For more information:


Klippensteins Barristers & Solicitors
Murray Klippenstein
(416) 598-0288 or (416) 937-8634

Cory Wanless
(647) 886-1914

Amnesty International weighs in on HudBay case

Jeff Gray

The Globe and Mail

5 March 2013

Lawyers for Amnesty International Canada will be in a Toronto courtroom on Tuesday, arguing that Canadian mining companies should face justice here for alleged human-rights abuses by their subsidiaries in foreign countries.

"Canadian society has a strong interest in ensuring that Canadian corporations respect human rights, wherever they may operate and whatever ownership and other business structure they may put in place to advance their operations," Amnesty's submission to the court reads.

The human-rights group was granted intervenor status by a judge in order to weigh in on three lawsuits launched by a group of Guatemalans against Toronto-based HudBay Minerals Inc. in Ontario Superior Court over alleged human-rights abuses that date back to 2009.

The lawsuits demand $67-million from the company and allege that security personnel working for its Guatemalan subsidiary killed a local Mayan activist who opposed the company's Fenix nickel mine, located near El Estor, in eastern Guatemala. The lawsuits also allege that mine security was responsible for a shooting that paralyzed another man and for 11 gang rapes allegedly carried out during clashes between local protesters, mine security and police.
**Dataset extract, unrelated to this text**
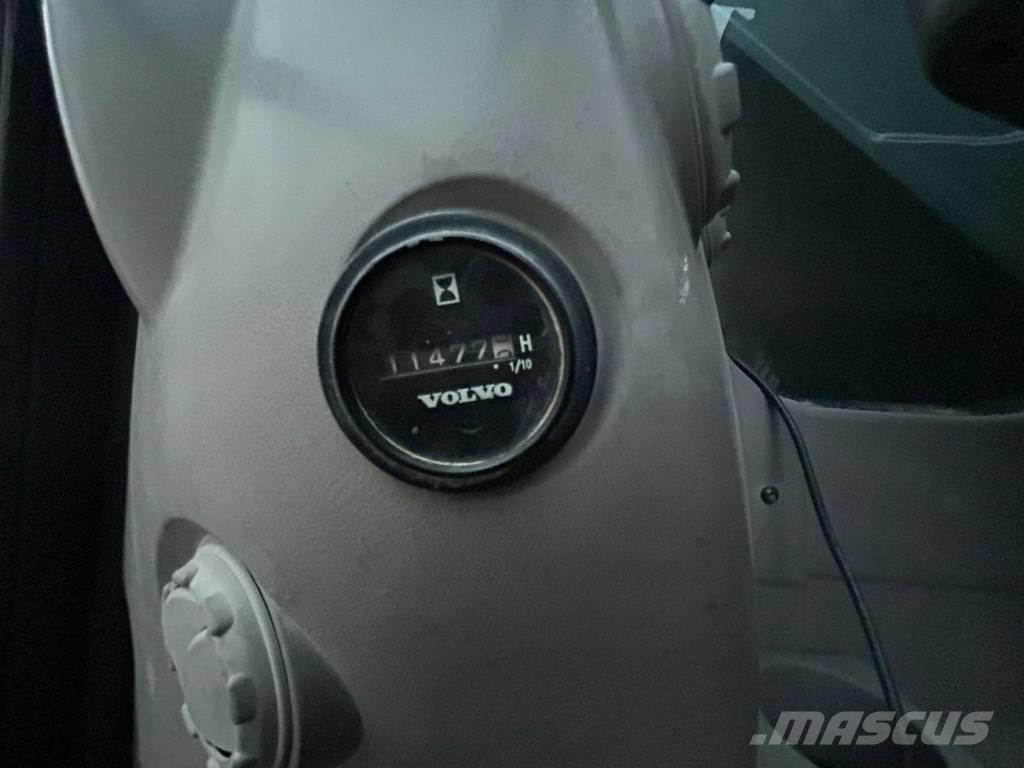 Volvo ECR 235 Pelle sur chenilles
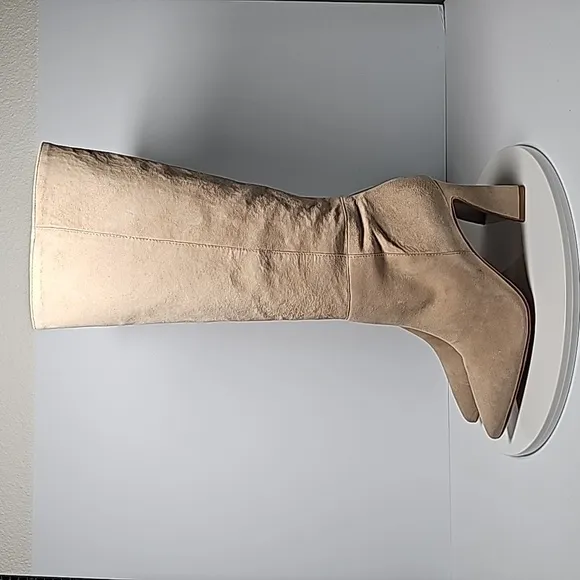 Vince Camuto Tressara Boots Knee-High Heeled Pointed Toe Side Zipper Suede 7.5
HudBay, which has since sold off the mine, denies the allegations, which it calls "without merit." It has filed motions, being heard by a judge this week, to have the case tossed out, arguing that well-established law holds that a parent company is normally not liable for the actions of its subsidiaries.

The company laid out its case in court on Monday. HudBay has also posted its version of the events in Guatemala on its website, denying that its subsidiary's security guards were involved and alleging that witnesses were pressured. The former head of the mine's security was reportedly arrested last year by Guatemalan authorities for the killing.

Angelica Choc, the widow of the dead activist, Adolfo Ich Charman, was in the courtroom as the hearing began on Monday, wearing traditional Mayan clothing and grey winter boots, listening as a translator relayed the proceedings to her.

Amnesty International argues that the case against HudBay should be tried here in Ontario, citing previous decisions by Canadian and British courts as well as evolving international legal principles they say hold that parent companies can be held liable for the actions of subsidiaries "where the possibility of injury or harm" is "foreseeable."

The hearing comes as the world's mining industry gathers this week in Toronto for the annual Prospectors & Developers Association of Canada convention, where corporate social responsibility has become a more prominent topic in recent years.

Allegations of human-rights abuses have also been made against other Canadian mining companies with operations in developing countries, but no other lawsuit of this kind has made it past preliminary stages in Canadian courts.

The mining industry lobbied to defeat a private member's bill in the House of Commons in 2010 that would have subjected Canadian mining companies and their human-rights standards abroad to federal government scrutiny, insisting instead on industry-led voluntary moves.

HudBay, in its court submissions, points to that bill's defeat, saying the plaintiffs are trying to use the courts to achieve something Parliament has declined to do.

The company's lawyers argue that allowing this kind of lawsuit to go ahead would risk "exposing any Canadian company with a foreign subsidiary to a myriad of claims, many of which will likely be meritless. This, in turn, could wreak havoc on an already overtaxed judicial system."